Pile plays at O’Brien’s Pub in Allston, on Sunday, August 11.

Endation Does Duo (The Absence of Everything)

Well, I guess the absence of color is black. Though my niece, Celia, says, “Yeah, it’s a color.” So yes, Endation is a color, very basic black. Anthony Ants Conley does four-string guitar; Matt Graber does drums. And they do just about everything, so you could say it is a blinding white.

The Absence of Everything has a varied twelve songs, with tinges of Roots era Sepultura. But they get darkly mellow and electro-funky, too. The sound is much bigger than the two instruments. The duo weaves a warped complexity, undoing itself and threading itself back together. Conley has a quiet desperation to his voice, on the verge of screams, and then agonized love sickness, and sometimes just a seductive plea.

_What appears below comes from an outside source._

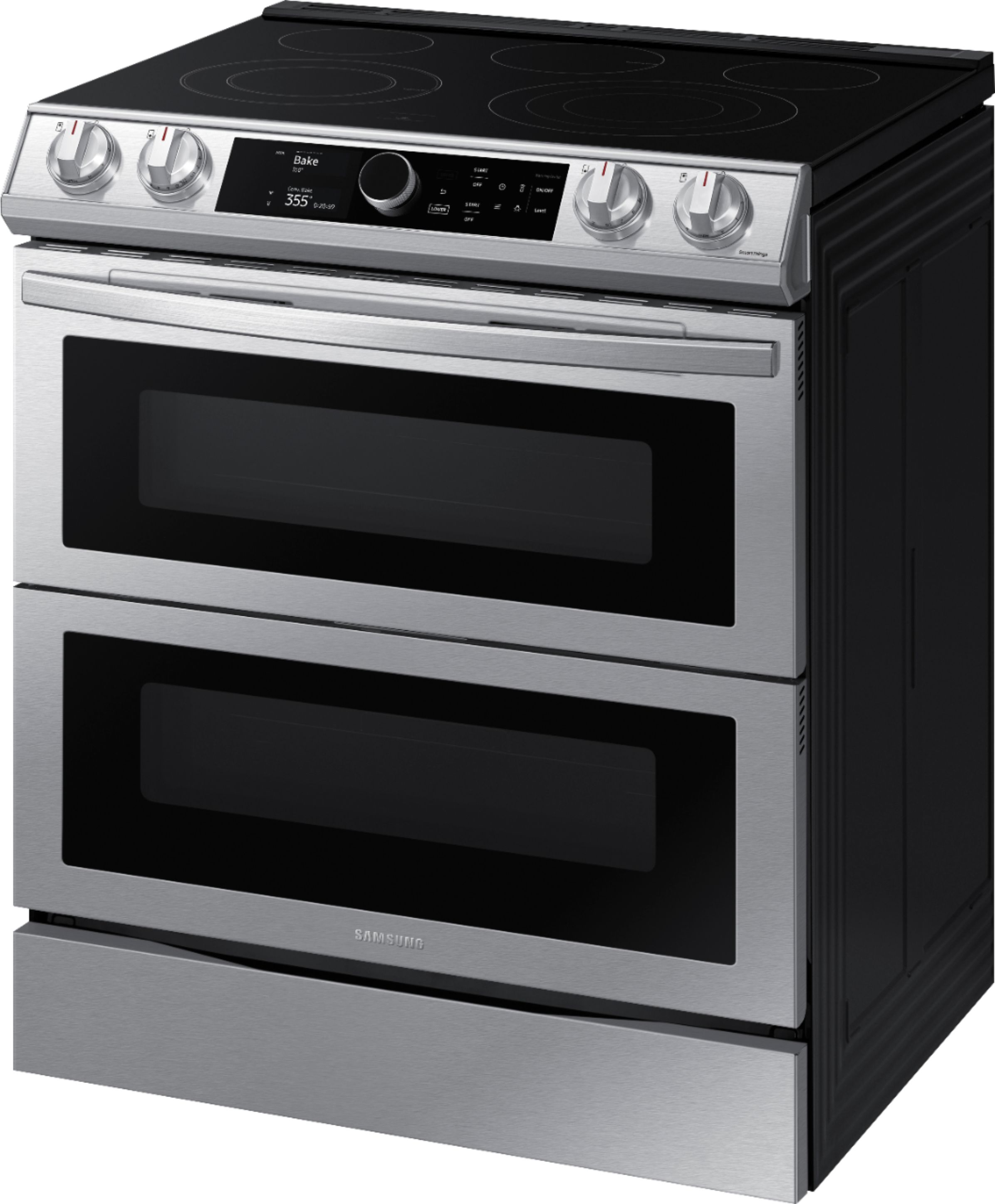 Left View: Maytag - 6.4 Cu. Ft. Self-Cleaning Freestanding Fingerprint Resistant Electric Convection Range - Stainless steel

Drums peak out like pythons in the jungle, while the guitar sits neatly in the trees, like a three-toed sloth. Other times, they bounce around like a cue ball in bumper pool, falling into psychedelic holes.

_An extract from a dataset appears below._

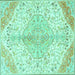 Square Machine Washable Persian Turquoise Traditional Area Rugs, wshtr4525turq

Rhythms are abrupt, flowing, and then stop/starting, climbing and chugging like the little engine that could. This album brings us back to the age of super groups that ended with U2’s Achtung Baby. It’s got that same German cosmopolitan feel, with some touches of Krautrock, and the ‘70s’ genre’s patchwork quality. But it’s a sleeker, modern sound in the upshot.

It’s also got the quiet suppleness of a Folk Implosion or a Sebadoh, giving it connections to indie rock as well. It’s dramatic, plangent, and plaintive, but always calm and relaxing, somehow. I don’t know how these guys do it, get noise and make you feel like you’ve had a sedative. Must be some kind of homeopathic sound medicine.